1. "accounting structures" are not a good reason to do anything. More specifically, the argument that it is hard to bundle ebooks and paper books for sale together because many publishers account them separately? A very bad argument. Movies and comics are now sold like this. Why? Because it's the logical way to sell media in a digital age.

2. We are doing really well catching up - yay! - but catching up is not enough. We have to take the field and make it ours again - urgh! I had a fascinating but frustrated conversation with some booksellers recently, and we designed the perfect bookselling environment in our heads: in-store wireless, apps, dedicated reader. Stalk through the store, buy paper books. Identify books you might want, scan of photograph them to your app, get offered prequels, sequels, other books by the same author, similar books. Get offered electronic versions, bundles, 1-day paper delivery to your home if they're not in stock. People like to walk through bookshops. They do not always buy the books at the time, and indeed they do make lists for subsequent purchase online. That is not good. Harness it!

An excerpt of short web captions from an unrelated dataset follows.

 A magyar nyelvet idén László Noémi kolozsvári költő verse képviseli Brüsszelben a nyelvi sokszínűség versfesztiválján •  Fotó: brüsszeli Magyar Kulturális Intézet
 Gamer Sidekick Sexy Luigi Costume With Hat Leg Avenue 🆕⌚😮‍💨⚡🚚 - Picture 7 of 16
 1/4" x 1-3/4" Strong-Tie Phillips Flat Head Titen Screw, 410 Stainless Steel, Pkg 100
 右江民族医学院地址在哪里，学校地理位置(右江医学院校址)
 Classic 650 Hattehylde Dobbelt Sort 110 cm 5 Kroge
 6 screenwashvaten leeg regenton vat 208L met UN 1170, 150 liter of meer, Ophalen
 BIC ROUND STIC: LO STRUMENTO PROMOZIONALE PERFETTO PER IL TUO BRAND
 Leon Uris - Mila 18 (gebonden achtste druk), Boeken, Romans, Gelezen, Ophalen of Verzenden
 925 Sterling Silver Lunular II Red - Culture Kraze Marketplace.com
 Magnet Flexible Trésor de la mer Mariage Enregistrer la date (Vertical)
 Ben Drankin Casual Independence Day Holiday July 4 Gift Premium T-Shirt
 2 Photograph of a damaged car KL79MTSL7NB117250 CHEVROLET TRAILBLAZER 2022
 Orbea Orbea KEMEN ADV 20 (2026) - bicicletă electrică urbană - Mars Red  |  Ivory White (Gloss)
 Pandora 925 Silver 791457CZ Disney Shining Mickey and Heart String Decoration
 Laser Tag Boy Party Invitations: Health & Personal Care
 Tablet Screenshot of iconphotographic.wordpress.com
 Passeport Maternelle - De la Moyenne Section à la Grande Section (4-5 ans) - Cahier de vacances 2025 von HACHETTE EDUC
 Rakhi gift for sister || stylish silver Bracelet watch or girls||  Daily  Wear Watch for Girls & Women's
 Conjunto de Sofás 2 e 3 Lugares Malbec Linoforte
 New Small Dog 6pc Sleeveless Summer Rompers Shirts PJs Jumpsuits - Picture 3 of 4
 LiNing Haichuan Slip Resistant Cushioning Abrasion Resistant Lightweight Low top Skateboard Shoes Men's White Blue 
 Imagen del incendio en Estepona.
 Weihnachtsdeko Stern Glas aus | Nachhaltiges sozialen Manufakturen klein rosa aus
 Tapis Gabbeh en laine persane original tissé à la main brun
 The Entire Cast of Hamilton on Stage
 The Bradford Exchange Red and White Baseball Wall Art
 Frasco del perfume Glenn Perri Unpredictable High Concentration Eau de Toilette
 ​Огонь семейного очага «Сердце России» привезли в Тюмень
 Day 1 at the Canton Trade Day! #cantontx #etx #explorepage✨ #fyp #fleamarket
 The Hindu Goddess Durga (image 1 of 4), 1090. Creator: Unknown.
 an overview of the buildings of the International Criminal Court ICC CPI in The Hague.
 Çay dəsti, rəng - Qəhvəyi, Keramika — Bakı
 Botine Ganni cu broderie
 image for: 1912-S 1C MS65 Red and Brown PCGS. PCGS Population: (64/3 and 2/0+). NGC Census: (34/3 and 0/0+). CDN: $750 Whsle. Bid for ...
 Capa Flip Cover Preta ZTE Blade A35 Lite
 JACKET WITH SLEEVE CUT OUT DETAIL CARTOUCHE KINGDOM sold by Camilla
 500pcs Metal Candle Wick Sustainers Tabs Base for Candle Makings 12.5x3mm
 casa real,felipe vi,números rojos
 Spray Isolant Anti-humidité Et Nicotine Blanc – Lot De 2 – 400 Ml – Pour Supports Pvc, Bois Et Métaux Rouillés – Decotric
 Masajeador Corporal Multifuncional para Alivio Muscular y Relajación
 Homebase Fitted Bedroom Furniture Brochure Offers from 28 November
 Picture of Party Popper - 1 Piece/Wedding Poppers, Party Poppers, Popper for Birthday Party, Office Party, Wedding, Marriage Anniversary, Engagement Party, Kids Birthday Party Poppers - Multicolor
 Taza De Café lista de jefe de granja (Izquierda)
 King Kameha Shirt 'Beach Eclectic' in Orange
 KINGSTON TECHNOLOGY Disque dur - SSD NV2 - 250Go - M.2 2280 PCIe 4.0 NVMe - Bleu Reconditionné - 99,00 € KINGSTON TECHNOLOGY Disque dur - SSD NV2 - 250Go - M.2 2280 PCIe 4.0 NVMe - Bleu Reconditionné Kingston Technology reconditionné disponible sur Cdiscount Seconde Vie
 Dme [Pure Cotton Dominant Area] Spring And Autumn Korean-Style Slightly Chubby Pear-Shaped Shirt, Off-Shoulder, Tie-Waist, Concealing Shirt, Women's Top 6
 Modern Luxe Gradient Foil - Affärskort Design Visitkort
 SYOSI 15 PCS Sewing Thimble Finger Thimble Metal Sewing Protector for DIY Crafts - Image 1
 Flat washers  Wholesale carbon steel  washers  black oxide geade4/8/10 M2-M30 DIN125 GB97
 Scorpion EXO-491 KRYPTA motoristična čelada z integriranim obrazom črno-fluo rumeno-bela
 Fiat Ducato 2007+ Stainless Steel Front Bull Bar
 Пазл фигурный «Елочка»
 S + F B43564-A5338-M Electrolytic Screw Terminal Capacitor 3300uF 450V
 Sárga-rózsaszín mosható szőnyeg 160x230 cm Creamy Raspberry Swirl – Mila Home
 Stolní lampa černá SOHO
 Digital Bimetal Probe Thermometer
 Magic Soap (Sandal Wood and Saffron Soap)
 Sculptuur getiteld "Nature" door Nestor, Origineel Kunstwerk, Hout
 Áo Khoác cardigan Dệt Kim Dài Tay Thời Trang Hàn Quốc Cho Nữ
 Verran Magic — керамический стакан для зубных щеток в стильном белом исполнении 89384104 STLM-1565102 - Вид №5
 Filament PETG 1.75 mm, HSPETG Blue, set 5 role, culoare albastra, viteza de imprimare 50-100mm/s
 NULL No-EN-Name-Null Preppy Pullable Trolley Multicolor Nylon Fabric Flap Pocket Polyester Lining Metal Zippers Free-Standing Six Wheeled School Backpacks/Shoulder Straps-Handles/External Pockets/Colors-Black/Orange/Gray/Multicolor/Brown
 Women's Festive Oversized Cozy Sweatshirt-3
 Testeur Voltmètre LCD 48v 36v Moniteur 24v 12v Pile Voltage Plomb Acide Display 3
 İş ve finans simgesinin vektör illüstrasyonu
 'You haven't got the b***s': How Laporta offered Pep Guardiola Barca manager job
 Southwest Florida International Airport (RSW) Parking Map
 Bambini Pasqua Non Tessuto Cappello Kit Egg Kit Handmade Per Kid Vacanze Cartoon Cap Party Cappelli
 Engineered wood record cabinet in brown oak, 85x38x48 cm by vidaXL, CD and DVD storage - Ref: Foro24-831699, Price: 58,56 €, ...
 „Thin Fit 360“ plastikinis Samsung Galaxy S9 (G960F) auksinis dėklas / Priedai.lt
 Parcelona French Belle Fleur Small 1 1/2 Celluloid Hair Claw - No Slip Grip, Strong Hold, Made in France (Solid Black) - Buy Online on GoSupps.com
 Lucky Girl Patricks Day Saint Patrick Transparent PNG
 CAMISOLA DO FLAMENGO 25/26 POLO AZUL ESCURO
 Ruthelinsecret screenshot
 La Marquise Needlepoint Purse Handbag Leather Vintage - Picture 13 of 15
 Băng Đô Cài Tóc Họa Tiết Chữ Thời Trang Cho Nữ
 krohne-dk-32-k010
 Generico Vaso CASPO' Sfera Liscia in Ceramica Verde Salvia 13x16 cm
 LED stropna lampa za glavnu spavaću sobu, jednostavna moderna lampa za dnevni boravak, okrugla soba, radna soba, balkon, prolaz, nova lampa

3. I still believe that a distributed sales system where the reader of a book can recommend it and benefit in a small way - reward points? discounts? - from any subsequent sale to the person to whom they recommended it would be a killer app.

More anon - but in the mean time, it's great to be back in London. Hope you all had a lovely first week of December. And I'm sad to have missed what I hear was some really great post-Futurebook dancing. (Yes, I know who you are.)